6 ELR 20221 | Environmental Law Reporter | copyright © 1976 | All rights reserved
United States v. Joseph G. Moretti, Inc.No. 75-1175 (5th Cir. February 17, 1976)
A lower court judgment ordering restoration of canals dug above the mean high tide line but connected to navigable waters without permits from the Corps of Engineers is partially reversed and remanded. The canals are subject to the Corps' dredge and fill jurisdiction under the Rivers and Harbors Act of 1899 because they alter the navigable bay's course and condition. The Corps has a broad obligation under the statute to regulate dredging and filling so as to advance the "preservation of our environment," and the district court had the authority to order restoration of the illegally damaged topography. The lower court erred, however, in ordering restoration without holding an evidentiary hearing on the manner in which restoration should be performed, and in holding defendant Moretti personally liable for the costs of restoration. Therefore, the judgment against Moretti individually is reversed, the restoration order is vacated and the case remanded for a hearing on its feasibility and environmental advisability.
Counsel for Plaintiff-Appellee
David F. MacIntosh, U.S. Attorney
300 Ainsley Bldg.
Miami FL 33132
Eva R. Datz
Department of Justice
Washington DC 20530
Counsel for Defendants Appellants
Kenneth L. Ryskamp
Bolles, Goodwin, Ryskamp & Welcher
401 City National Bank Bldg.
Miami FL 33130
Dyer, J. for himself, Bell & Ainsworth, JJ.
[6 ELR 20222]
The parties to this appeal were previously before us in United States v. Joseph G. Moretti, Inc., 5 Cir. 1973, 478 F.2d 418. The litigation derives from the dredging and filling of Florida Bay by Moretti in 1970, in the course of excavating canals for a mobile home project on land Moretti owned at Hammer Point on Key Largo, one of the Florida Keys. Initially the district court found that Moretti's filling of navigable waters (Florida Bay), involving 400,000 cubic yards of earth, was in violation of the Rivers and Harbors Act of 1899, 33 U.S.C.A. § 403,1 because Moretti had not secured a permit for the construction work from the Army Corps of Engineers. S.D.Fla., 1971, 331 F. Supp. 151. The Court enjoined Moretti from conducting further dredge and fill work, D.C., 387 F. Supp. 1404.2
Moretti appealed to this Court arguing that it had not violated the Corps permit requirement because the water involved was not "navigable water," and even if Florida Bay was "navigable water" the fill placed in it did not create an obstruction within the meaning of Section 403; and finally that the district court had no authority under the Act to order the removal of land fill as a "structure." This Court rejected each of these contentions finding that the district court had jurisdiction under the Act to impose "the stringent mandatory injunction of restoration," on a factual record that amply justified it. In that decision we detailed the facts of Moretti's construction work and concluded, in agreement with the district court, "that Moretti violated the Act flagrantly." 478 F.2d 418, 421.
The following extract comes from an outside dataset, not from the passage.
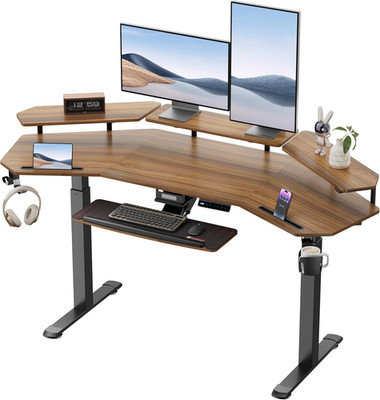 Standing Desk Adjustable Height, Computer Desk W Keyboard Tray 72'' Gaming Music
Despite the finding that Moretti had violated the Act, this Court held that Moretti must be given the opportunity to pursue his after-the-fact permit application under procedures specifically authorized by the Corps regulations.3
After remand Moretti sought administrative approval of his after-the-fact permit application. It was ultimately denied by the Chief of the Corps of Engineers. Moretti then sought review of the administrative action in the district court. It upheld the Corps' denial of the permit. In his appeal from that judgment, consolidated with this appeal, we have this day affirmed the judgment of the district court. Moretti, Inc. v. Hoffman, 5 Cir. 1976, __ F.2d __.
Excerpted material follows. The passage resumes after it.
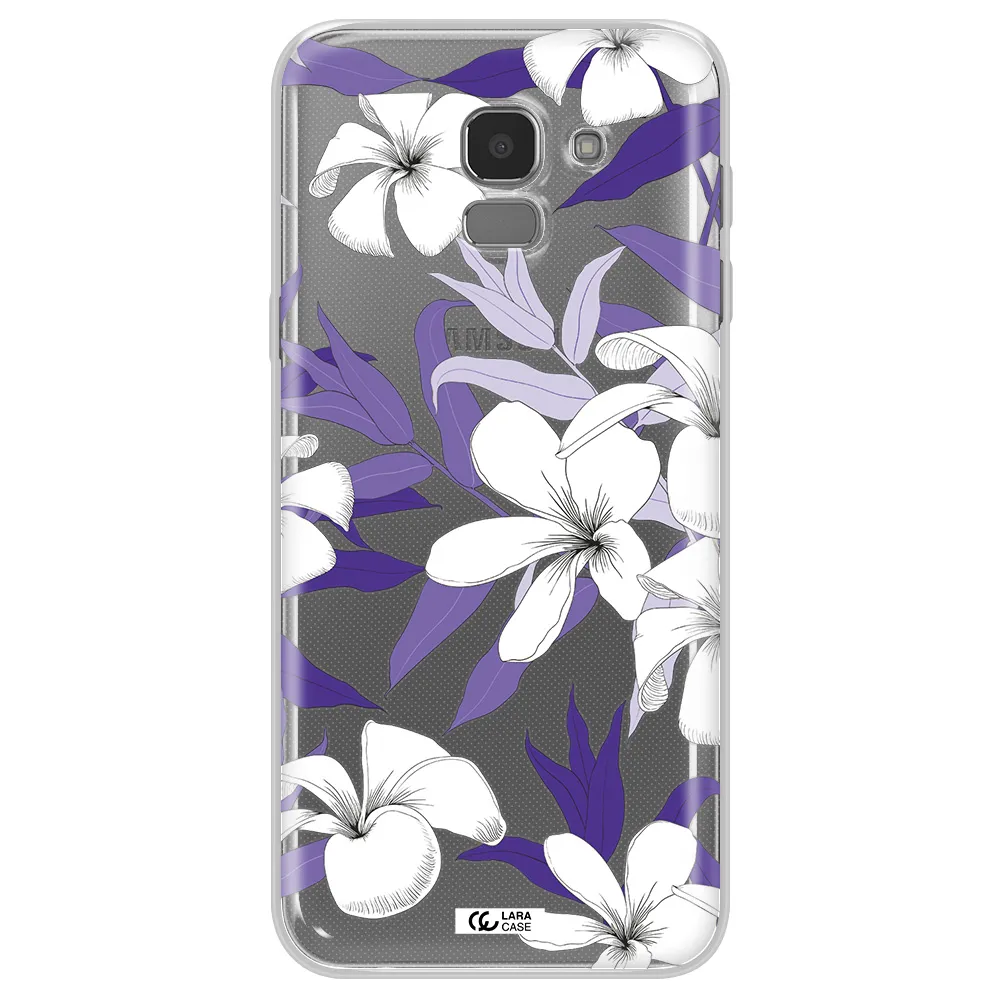 Purple Flower Samsung J6 Clear TPU Case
After the Corps denied Moretti's permit application, the district court revised and expanded its original restoration order to require not only that the filled area in Florida Bay bayward of the pre-existing mean high tide line be restored to its original condition, but that all canals in Parcel B (an area which had not been conveyed to individual owners) be completely filled both bayward and landward of the MHTL. The district court also expanded its original order by requiring as to Parcel A (an area which had been conveyed to individual owners) that Moretti fill four upland canals to a depth of 10 feet below mean sea level at their mouths, sloping gradually upward to a depth of 8 feet below mean sea level at their upland ends.
Moretti does not take issue with the original order requiring restoration bayward of the MHTL but he challenges the jurisdiction of the Corps under Section 403 to require a permit, and the jurisdiction of the district court under Section 406 to enter a mandatory injunction requiring the filling of upland canals above MHTL. The fulcrum of this argument is Moretti I, in which the Court said that the Corps had no regulatory power landward of MHTL, and thus the district court could not injunctively order reconstruction of upland topography, 478 F.2d at 429. Moretti further argues that all the individual owners of land adjacent to the dredged canals should have been joined as indispensable parties under Rule 19, F.R.Civ.P. Joseph G. Moretti, Jr., individually, contends that it was error for the district court to impose personal liability on him for the costs of compliance with the affirmative injunction.
Moretti strenuously contends that this Court has already resolved the question of Corps jurisdiction over canals above MHTL in the negative. The argument is that the district court now has required it to do more than it was required to do under the original restoration order which did not affect activities shoreward of the MHTL. As we have this day explicated in United States v. Sexton Cove, 5 Cir. 1976, __ F.2d __, the Corps may under certain circumstances exercise jurisdiction over dredging and filling operations above MHTL under Section 403 of the Rivers and Harbors Act. Prerequisite for such jurisdiction are factual circumstances showing some effect upon navigable waters, some alteration or modification of either course, location, condition or capacity of those waters. These statutory terms are broad and undefined. So long as activities fall within this generous scope, those [6 ELR 20223] activities are subject to the jurisdiction of the Corps.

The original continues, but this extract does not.